- GIVEN RECORDS -
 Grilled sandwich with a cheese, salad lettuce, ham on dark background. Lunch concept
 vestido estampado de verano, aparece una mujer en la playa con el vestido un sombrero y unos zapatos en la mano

* * *

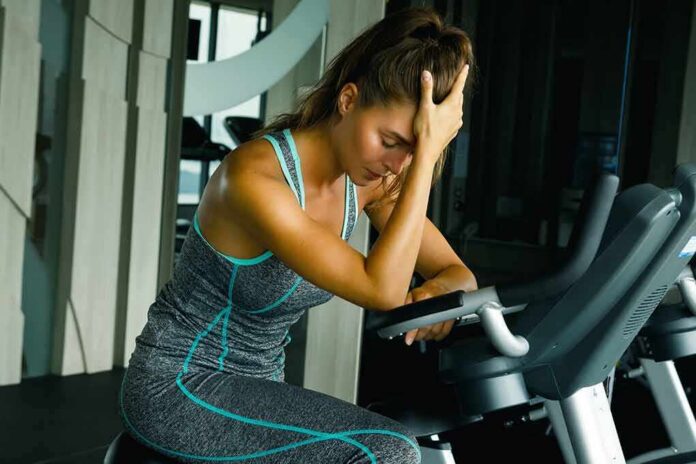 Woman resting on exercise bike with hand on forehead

- YOUR INSTRUCTIONS -
Working from the material above, restate word for word the lines between the line with "Grilled sandwich with" and the line with "vestido estampado de", both included, and only those.

- SOLUTION TO THIS TASK -
 Grilled sandwich with a cheese, salad lettuce, ham on dark background. Lunch concept
 vestido estampado de verano, aparece una mujer en la playa con el vestido un sombrero y unos zapatos en la mano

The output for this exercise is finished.